A manhã do dia 12 de junho de 2023 estava reservada para dois acontecimentos estranhos, na minha já não curta vida: a surpresa com a leitura que fiz do caderno do jornal Zero Hora, na reportagem “Junho de 2013, 10 anos depois”; e com o impressionante acaso que a leitura me proporcionou. Cheguei à conclusão de que os “acasos” são mais ricos que os planos de vida e do que a nossa competência em mudar o “estar no mundo”, desta mesma vida.

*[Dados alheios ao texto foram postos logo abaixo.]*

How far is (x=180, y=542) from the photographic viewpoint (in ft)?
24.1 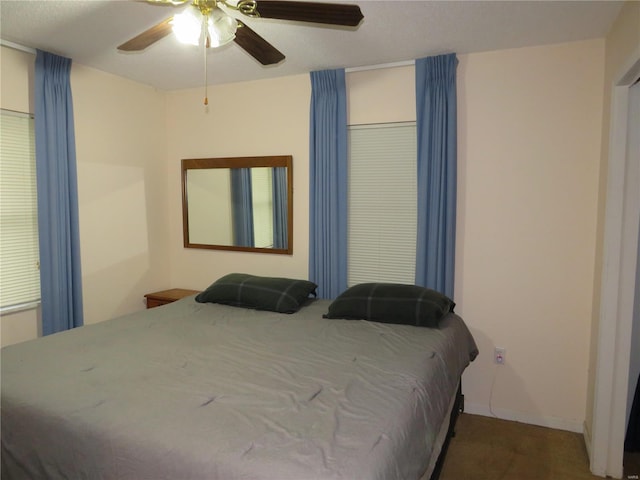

O acaso muda mais a vida sem aviso e com mais emoção, mas nestes momentos estranhos em que tudo se “naturaliza” na política, os animais fofinhos se virtualizam e uma nova (não sei se real) humanidade desponta no horizonte cerrado, é bom prestar atenção nos “acasos”.
Explico: a bem montada matéria, feita por um jornalista que me pareceu sério, profissionalmente, trouxe várias informações e opiniões sobre os acontecimentos históricos de junho sem que, em nenhum momento, o texto tratasse dos assuntos mais relevantes que lhe dão significado, o que realmente me surpreendeu. Linha editorial da RBS? Pode ser, mas o jornalista sempre tem uma elasticidade para dizer coisas relevantes, no caso, algo como “Quem financiou aqueles movimentos?” E muito mais: como eles se conectaram com um inconsciente (ou consciente?) fascista que latejava nos poros da sociedade gaúcha.
É evidente que aqui no Rio Grande as “jornadas” tiveram uma (escassa) participação de movimentos populares de esquerda, mas, em geral, foram movimentos antissistêmicos – sem linha ou projeto político definido – que descambaram para a violência sem projeto, para uma falsa “revolução” sem utopia e sem método. Afinal, os partidos eram malditos, odiados e expulsos, mas os que defendiam esta expulsão estavam ali para fazer os seus partidos postiços do autoritarismo global, em avanço acelerado.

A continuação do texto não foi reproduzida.